Copa do Mundo inesquecível

"Eu nunca sonhei em ir a uma Copa. Nunca na minha vida pensei nisso", conta Edina. "Mas surgiu essa vaga e falei: 'Vamos agarrar e levar o Brasil para o Mundial'. Estava concorrendo com quase 50 meninas de todos os países, só 27 foram selecionadas. Temos o melhor futebol do mundo e queríamos mostrar também que temos as melhores árbitras", conta, referindo-se ao trio brasileiro escalado para a Copa feminina da França: ela, Neuza Back e Tatiane Sacilotti (ambas assistentes).

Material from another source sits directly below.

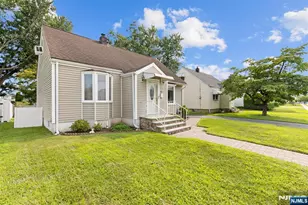 40 N Garwood Ct, Garfield, NJ 07026 - Photo 2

"Vencemos etapas, testes, avaliações. E, quando chegamos lá, só queríamos fazer grandes jogos. Começamos devagarinho e, no fim, atuamos em quatro partidas, inclusive na semifinal entre EUA e Inglaterra. Era um dos jogos mais aguardados e, para mim, foi um sonho."

Edina Alves Batista na semifinal da Copa do Mundo da França - Arquivo Pessoal - Arquivo Pessoal
Edina Alves Batista na semifinal da Copa do Mundo da França
Imagem: Arquivo Pessoal

Uma incentivando a outra

As oportunidades para as árbitras mulheres estão aos poucos crescendo, de acordo com Edina. E, com elas, os sonhos também. A Fifa começou a escalar mulheres para os jogos masculino de base.

"Por isso, eu e a Neuza, quando tivemos oportunidade, nos mudamos para São Paulo [elas dividem apartamento em Jundiaí, no interior]. Falei: 'Vamos nos unir, porque se a gente tiver entrosamento vai melhorar nossa qualidade técnica. Hoje, uma incentiva a outra. Nos preparamos para a Olimpíada. Temos parceria nisso."

Edina afirma que as árbitras estão unidas e se apoiando.

Buscamos juntas qualidade, aperfeiçoamento e informações. A gente tem que se ajudar. Uma tem que ajeitar a coroa da outra.

Que legado ela gostaria de deixar para outras mulheres que sonham em trabalhar com arbitragem? "Eu só queria que elas nunca desistissem. Nada vai cair do céu. Não ia vir para mim um jogo da série A se eu não corresse atrás. Mas se você ama aquilo que está fazendo e faz com qualidade, não é impossível. Cada jogo em que eu trabalho é uma vitória."